Two-Pot (Component) System

The third significant event was the signing into law of the two-pot legislation, (I will refer to the pot, although the legislation refers to component) after several postponements. The effective date is 1 September 2024. Although there has been extensive previous communication from Chartered Employee Benefits, Fund administrators and the media, there still appears to be some confusion about who is affected by the two-pot system, so I will attempt to clarify some of these misconceptions below:

  • The new system applies to the build-up phase of retirement, namely those members contributing to their retirement funds. It does not apply to pensioners; however, if a pensioner is contributing to a Retirement Annuity, it will apply.
  • Members who are “55 years or older” on 1 March 2021 and have remained a member of the same Provident Fund will automatically be excluded from the two-pot system. These members can choose to opt into the two-pot system. They have until 1 September 2025 to decide if they wish to opt in, and thereafter, they can no longer opt-in.
  • The two-pot system applies to both defined benefit and defined contribution funds. It also applies to pension, provident, preservation, and retirement annuity (RA) funds. It does not apply to beneficiary funds and unclaimed benefit funds.
  • “Legacy” or “old generation” RA funds can be exempted. The legacy RAs are contracts held by an RA fund entered before 1 September 2024 that include a pre-universal life or universal life component. These funds can apply to the FSCA for an exemption from the two-pot system.
  • Deferred pensioners will only have two pots in a fund (these are people who resigned and opted to leave their money in the fund until retirement). These members will have a vested pot and a savings pot. They will not have a retirement pot, because they are no longer making contributions. Their savings pot will consist entirely of the seed capital.
  • Members are permitted one withdrawal per tax year, not per calendar year.
  • A member not withdrawing from the savings pot, will not forfeit access to the amount they could have drawn in subsequent years.
  • A member belonging to more than one fund, e.g., an RA and an occupational fund, can withdraw from each savings pot as long as the minimum value exceeds R2000.
  • Withdrawals from the savings pot, while in service, are taxed at the member’s marginal rate of tax.
  • Funds were required to submit rule amendments to the FSCA by 15 July 2024. If the rule amendments have not been approved by 1 September 2024, members will be unable to withdraw from the savings pot.
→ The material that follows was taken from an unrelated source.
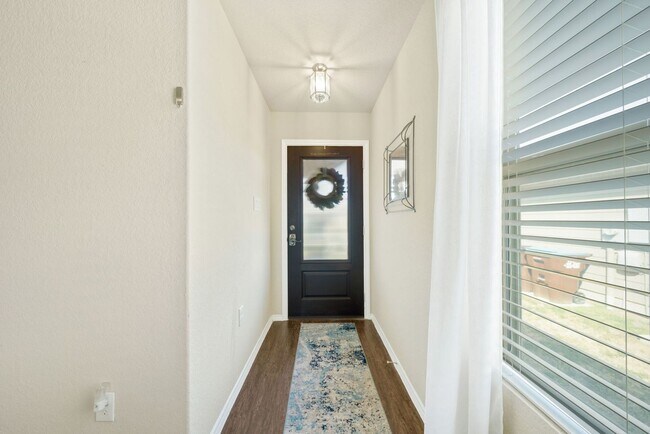 Foto del edificio - 4 Bedroom/2 Bath Escondido North Subdivision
As we move forward into the second half of 2024, the retirement fund industry is buzzing. Fund administrators and service providers are hard at work making changes to systems and processes.

Consultants are engaging with members to educate them on the two-pot system to help members understand the implications and impact of withdrawing money from their savings pot prior to retirement.

We watch with interest the progress of the Government of National Unity and the challenges anticipated with the rollout of the NHI.